There are many critics of gold investment who will debate over the returns gold gives and the hassle it can be to dispose of gold bullion, especially in its heavier form. However, they haven’t been able to dent the popularity of gold as a wealth-creating asset.
Gold over the years
Historically, gold has been used to make jewelery first and later in the form of money. Gold was accepted and recognized as a highly lucrative investment option around the world and when the world moved to paper money, these were also backed by gold reserves. Over the years, as we move into modern times, paper money has now become fiat money, that is, it is no longer backed by gold. However, gold endures as a sign of wealth and is an important part of the world economy. The world’s largest financial organizations and central banks carry almost one-fifth of the gold reserve and constantly endeavor to procure more. Today, private investors who purchase at least 1 gram gold coin will earn better returns than those who keep their cash in the bank or in fixed deposits.
Gold for wealth preservation
Gold is a safe haven investment as its value holds strong in the face of the toughest markets. all other investment classes come with inherent risk even though the returns may be higher, but gold has had steady growth over the years. The past two years of the pandemic which continues to hold the global economy in a grip of uncertainty has seen markets collapse and prices fluctuate wildly across all industries. Investors who were smart enough to have a sizeable proportion of their savings in gold are benefiting from their decision. Gold is an enduring way to preserve and store wealth. though gold does not offer much liquidity, its value multiplies over the years and US$100 invested in gold 10 or 20 years ago has multiplied significantly in value in 2021 compared to the money being saved in currency form.
Benefits of Investing in Gold
Investing in gold is beneficial for short- and long-term goals. Gold is a low-risk investment, and one will never observe large fluctuations in prices as we do with other investment vehicles such as stocks, bonds, or mutual funds. The price of 1 gram gold coin will increase at an even pace over the years. Even when the market falls, gold investment generally holds its value, and its price will never fall below the price one paid for it at the time of purchase. Gold value is not swayed by inflation, changing government policies, or socio-economic interactions.

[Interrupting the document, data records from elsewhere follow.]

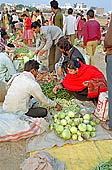 Khajuraho village - the market 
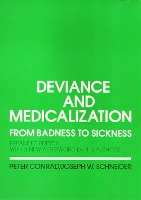 Book Cover for Deviance and Medicalization by Peter Conrad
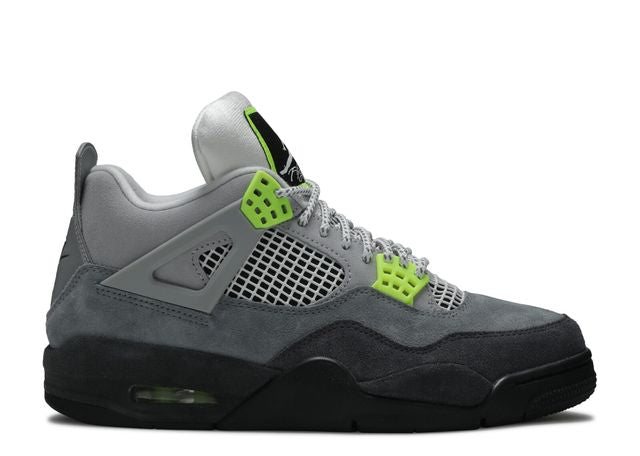 Jordan 4 Retro SE 'Neon 95' denemezapt.myshopify.com Zaptila
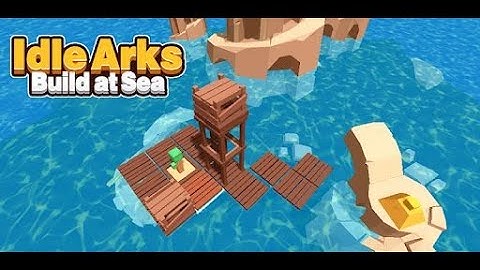 Part 1| Idle Arks: Build at Sea. Gameplay Walkthrough (Chapter 1: After the Flood)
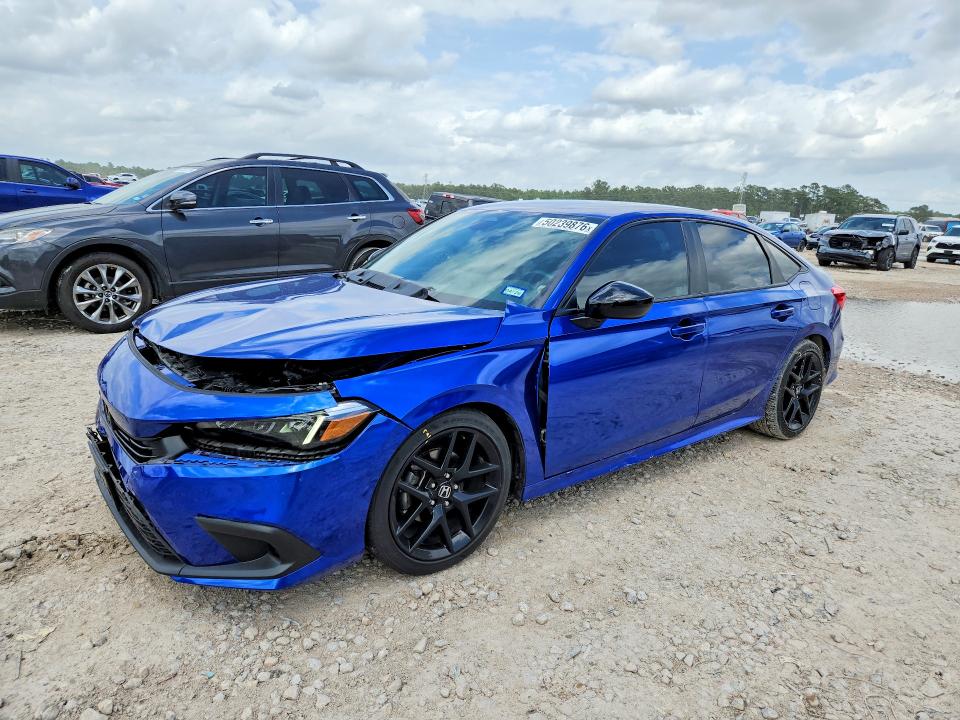 2022 HONDA CIVIC — VIN 2HGFE2F5XNH576130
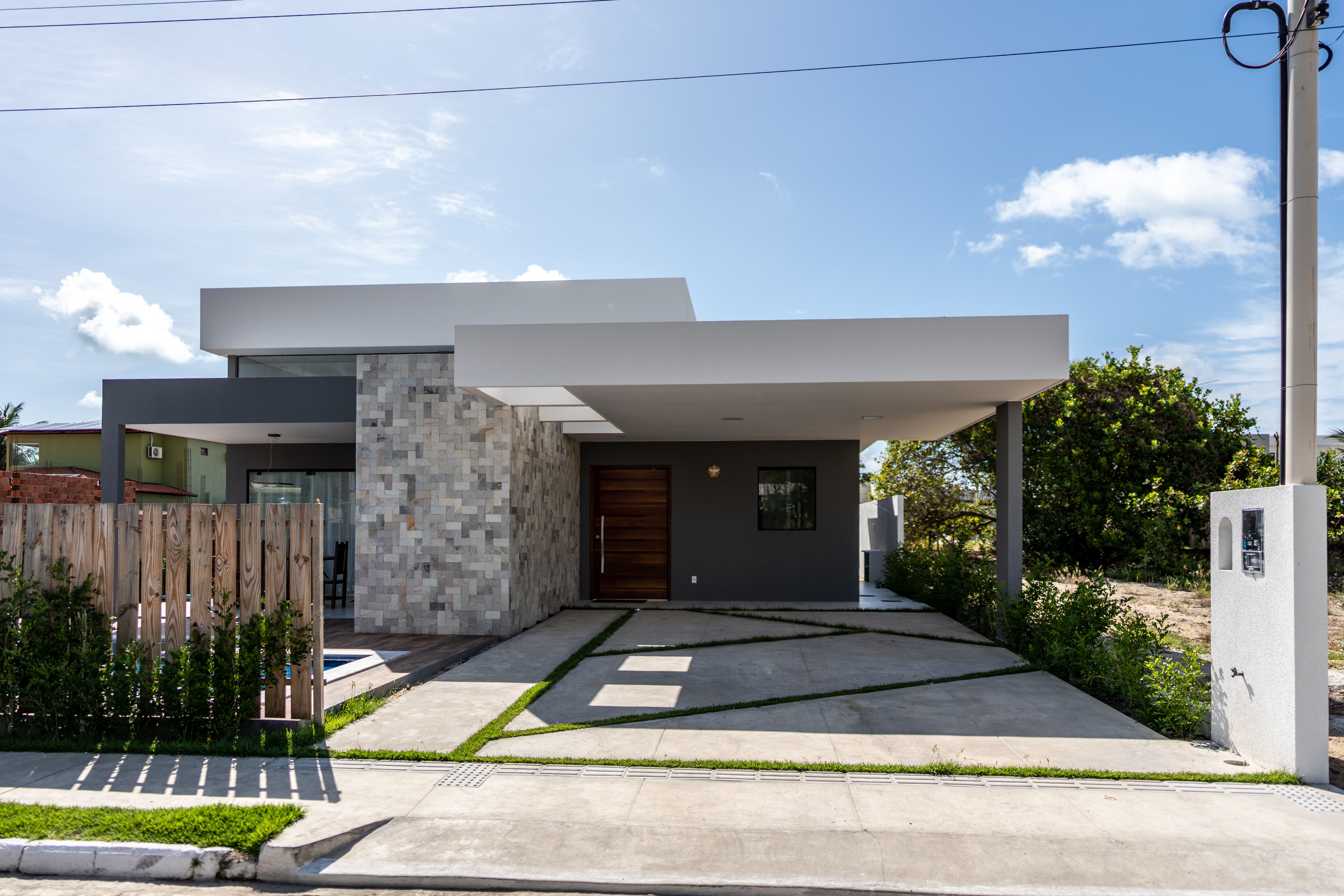modern building facade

Gold stabilizes the portfolio as its price increases as the dollar price decreases. There is no capital gains tax attached to the sale of gold coins, whether you sell 1 gram gold coin or 1 kg gold bar. Furthermore, many gold coins have a premium as collector’s items based on their design or year of mint.
In these times of pandemic if you are feeling the pressure of economic uncertainty, add some gold investment to your portfolio. Savvy investors recommend 5% to 15% of the portfolio investments in gold. If you are creating a retirement fund, then start storing a part of your savings in the form of physical gold in IRS-approved storage facilities. 1 Gram gold coins can be stored more easily and discreetly than bars in smaller sizes. Ensure that the gold you invest in is from popular mints.